_Assignment_
Pictures are to be omitted. Output only the lines from the one containing "Bedtime Creations Toddler" through the end of the data, word for word.

........

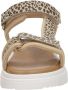 Sub55 Meiden Sandalen Meiden Sandalen Beige - Thumbnail 5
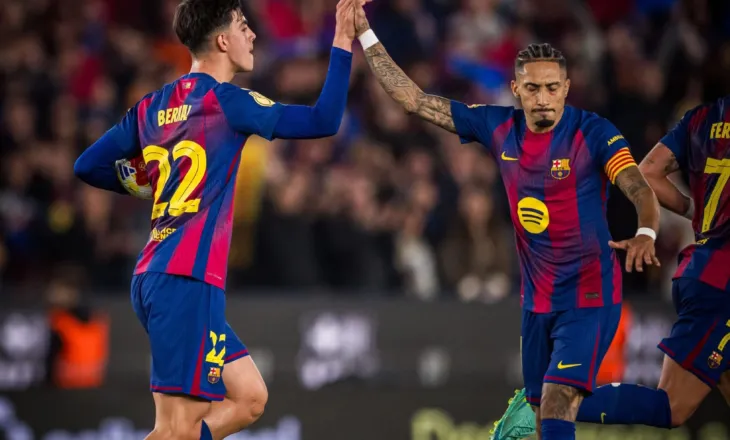 VIDEO/ Barcelona “flirton” me mrekullinë, katalanasit eleminohen nga Copa Del Rey, kualifikohet Atletico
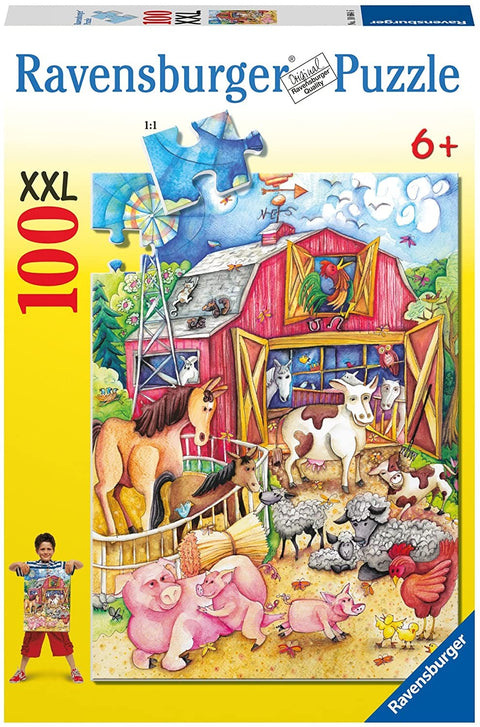 Puzzle 100: My Funny Farm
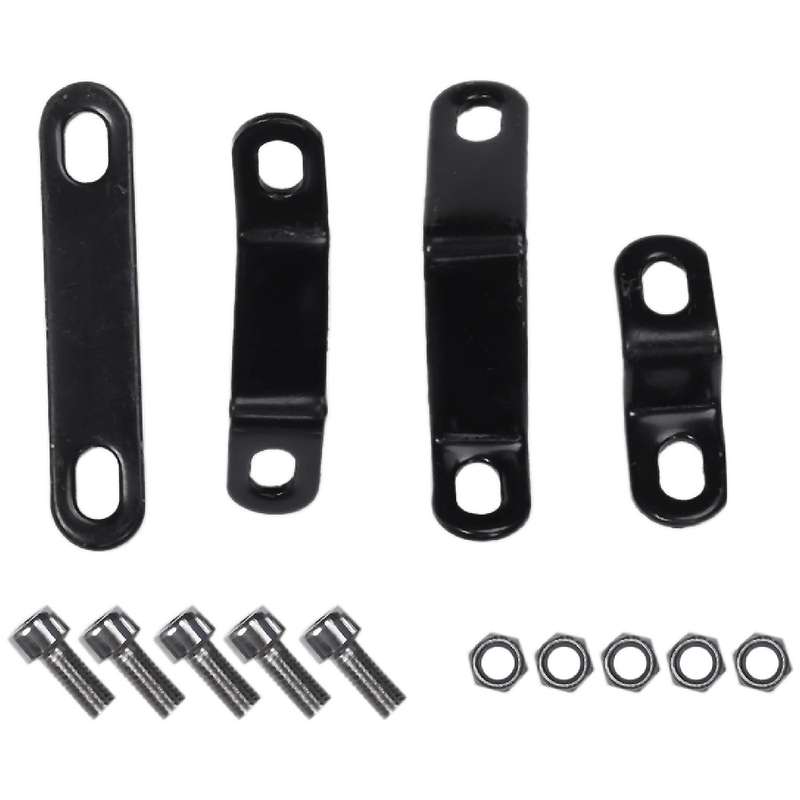 Black Engine Protector Guard Cover Under Cowl Lowered Low Shrouds Fairing Belly Pan for MSX 125 201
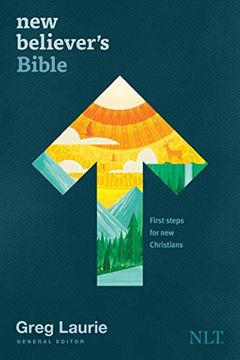 portada New Believer's Bible nlt (Softcover): First Steps for new Christians (en Inglés)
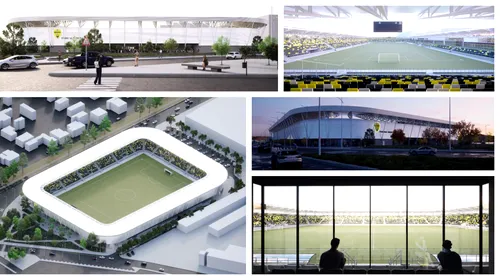 Planuri pentru refacerea stadionului unuia dintre cele mai mari orașe din țară. Primarul spune că proiectul, în valoare de 30 de milioane de euro, depinde de un vot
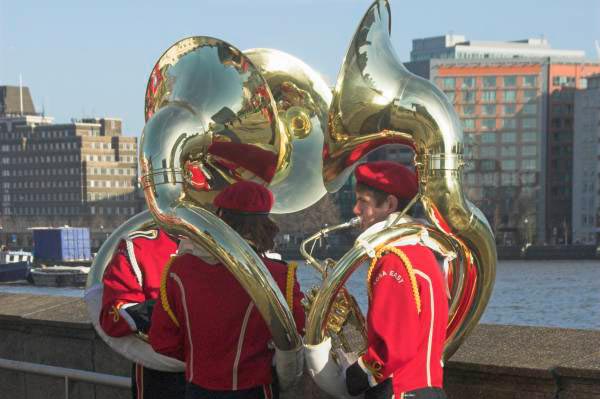 New Year's Parade - London &copy; Peter Marshall, 2007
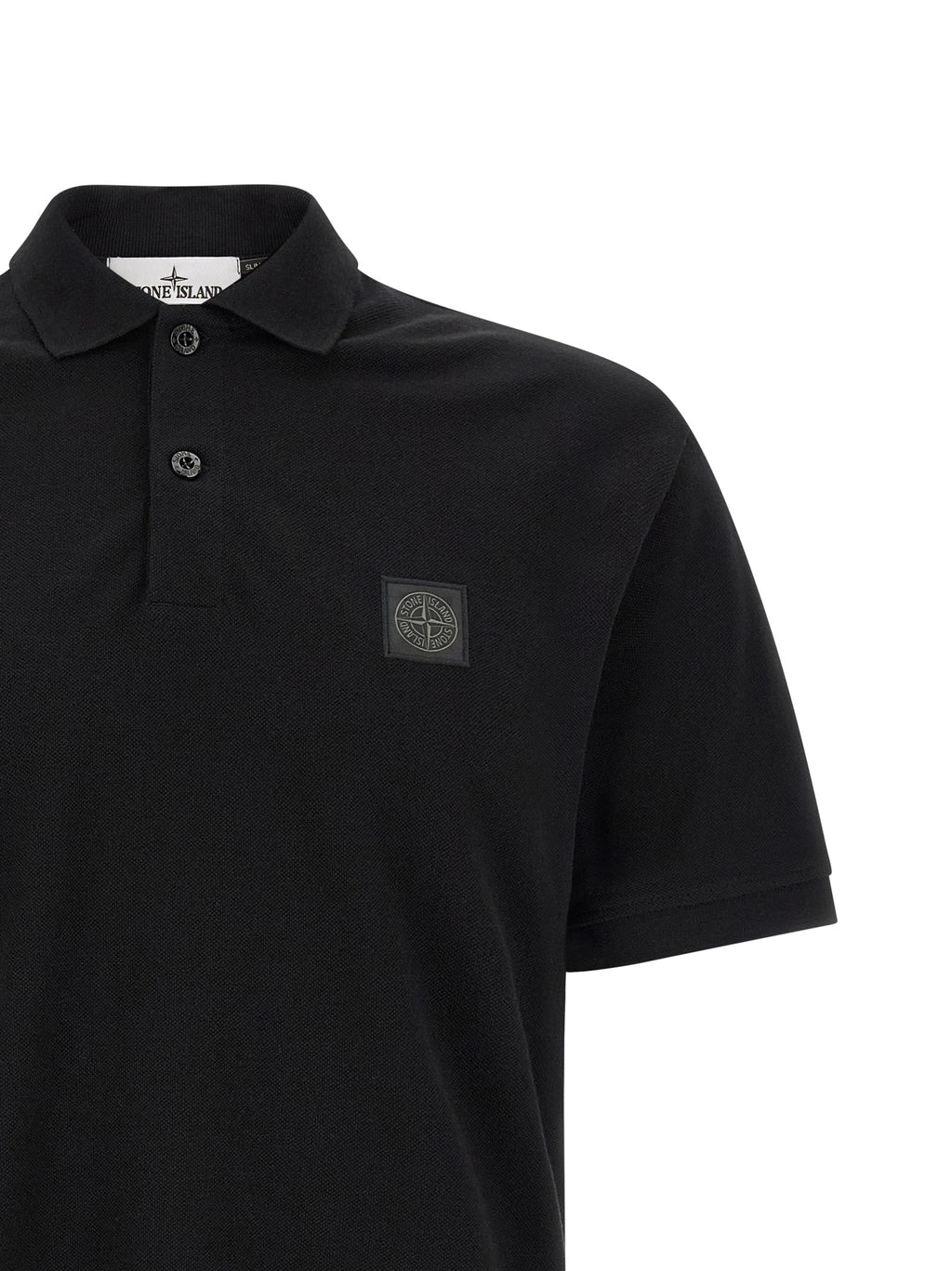 Stone Island Compass Logo Polo Shirt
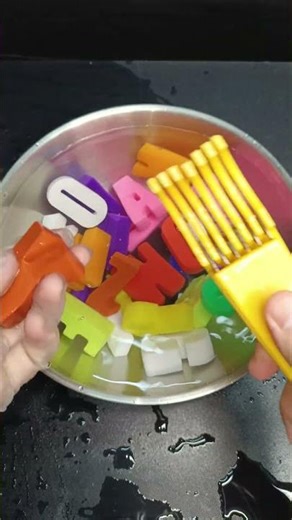 cut out many alphabet letters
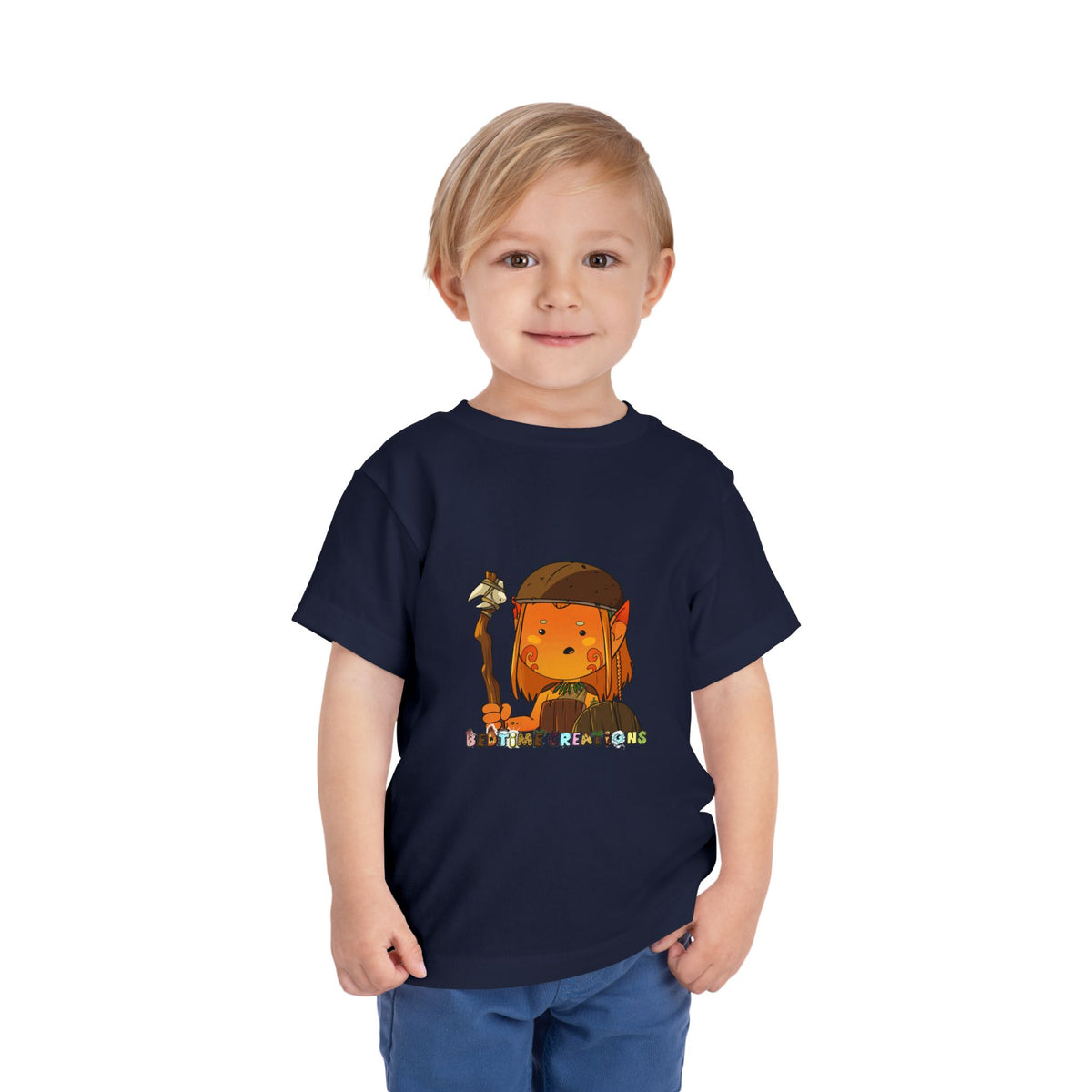 Bedtime Creations Toddler Tee — Woodlanders 2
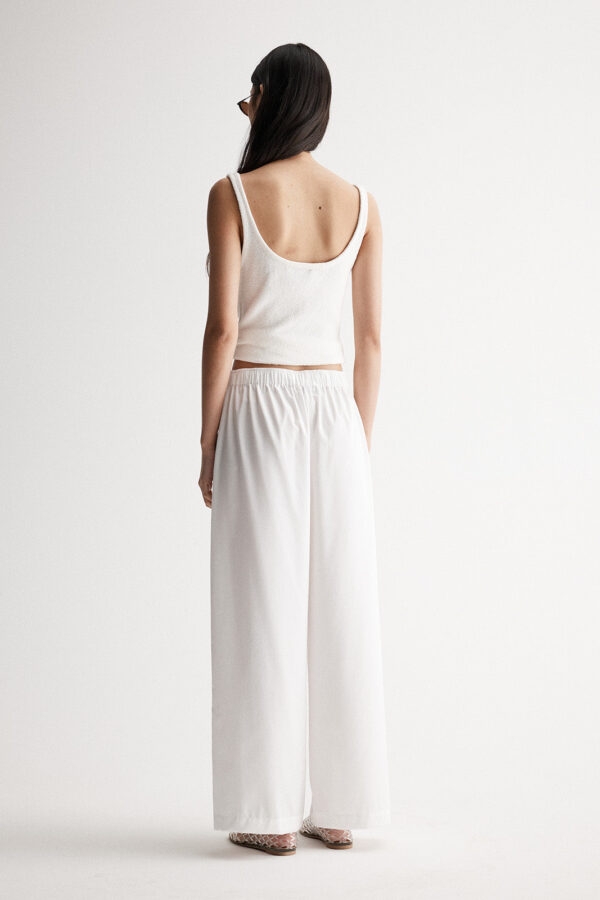 Elka Collective Burleigh Pant White - Image 5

........

_Answer to the exercise_
 Bedtime Creations Toddler Tee — Woodlanders 2
 Elka Collective Burleigh Pant White - Image 5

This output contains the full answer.